Zum Inhalt springen
30.05.2022

Pfingsten und Schawout – zwei Gründungsfeste der besonderen Art

Feuer. Foto: Andreas Schneidt

Bei Pfingsten und Schawout spielt das Feuer eine besondere Rolle. Foto: Andreas Schneidt

In diesem Jahr fallen das christliche Pfingstfest und das jüdische Schawout zusammen. An Pfingsten feiern Christen die Herabkunft des Heiligen Geistes, das Geschenk seiner sieben Gaben und die Geburtsstunde der Kirche.

An Schawout feiert die jüdische Gemeinschaft u.a. die Gabe der Tora, der Zehn Gebote und die Befreiung aus der Knechtschaft aus Ägypten.

In beiden Festen spielt das Feuer eine besondere Rolle, denn es will auf die Haltungen hinweisen, die mit dem Empfang der Geistesgaben verbunden sind. Da geht es um ein „Feuer fangen“, für die Botschaft Gottes, um das „Feuer und Flamme sein“ für ein Leben aus dieser Botschaft, damit der „Funke überspringen“ kann.

Diese Grundgedanken finden sich bereits in der sogenannten nachexilischen Theologie, wie sie in der Bibel festgehalten worden ist. Dabei sind vor allem zwei Aspekte zu beachten:

  • der Hinweis darauf, dass z.B. die Propheten als auch Mose das Wort Gottes in einer direkten Gottesbegegnung empfangen haben (Ex 3,1-6; Ex 19,19)
  • das Herabkommen des Geistes Gottes auf die versammelte Gemeinde und deren Sendung, die Botschaft Gottes in die Welt zu tragen (Apg 2, 1-4).

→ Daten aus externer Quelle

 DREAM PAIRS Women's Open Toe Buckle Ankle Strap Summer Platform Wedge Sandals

In allen Zeugnissen wird der Geist Gottes als eine Kraft erlebt, die Mut schenkt und deutlich macht, dass es nicht um ein formalistisches Einhalten von Vorschriften geht. So weist denn auch Papst Johannes Paul II. in seiner Enzyklika „Dominum vivificantem – Über den Heiligen Geist im Leben der Kirche und der Welt“( 1986) darauf hin, dass die Gabe des Geistes Gottes bis heute für die Kirche bedeutet, mutig  ein offenes Wort im Blick auf erforderliche Veränderungen in Kirche und Welt zu sprechen. Und im Midrasch Aserot ha-Dibrot 1 heißt es mit Blick auf die Haltung, die auf ein „Feuer fangen“ hin verstanden werden kann, dass die Tora „als schwarzes auf weißes Feuer“ geschrieben ist. Schwarz steht dabei für die Tinte und den Buchstaben, weiß wird als eine Aufforderung zum „zwischen den Zeilen lesen“ interpretiert.

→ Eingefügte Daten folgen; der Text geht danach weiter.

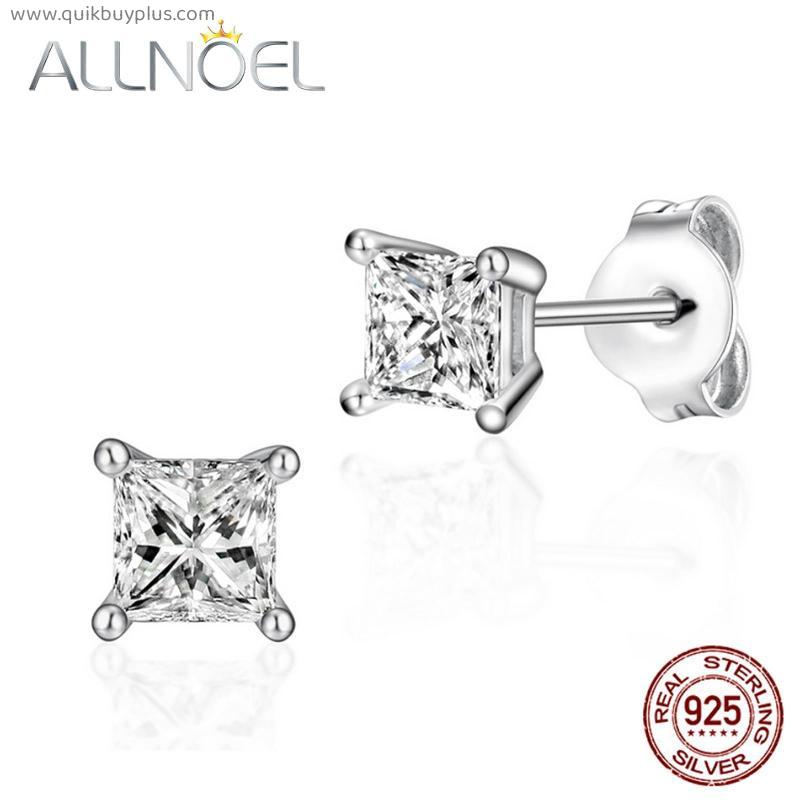 ALLNOEL 925 Sterling Silver Stud Earrings For Women 5A White Zircon Gemstone Diamond Earrings Engagement Wedding Fine Jewelry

Heute scheint bei der Darstellung des Heiligen Geistes das Bild der Taube in den Vordergrund getreten zu sein. Die Taube soll zunächst einmal den Blick auf die erste Schöpfungserzählung lenken, in der es heißt, dass der Geist Gottes über den Wassern flattert – wie es im hebräischen Text heißt. In der Prophetenliteratur wird darauf hingewiesen, dass da, wo der Geist Gottes wirkt, eine neue Welt entstehen kann, in der alle Gegensätze aufgehoben sind (Vision vom Tierfrieden Jes 11, 6-10).

Die Darstellung des Heiligen Geistes als Taube hat sich seit dem 6. Jahrhundert mit Rückgriff auf das Johannesevangelium durchgesetzt. Dort heißt es im Zusammenhang mit der Taufe Jesu am Jordan: „Ich sah den Geist Gottes herabsteigen wie eine Taube vom Himmel …“ (Joh 1, 32). Im Laufe der Zeit wird die Taube zu einem Symbol der Liebe des Friedens und der Versöhnung mit Gott.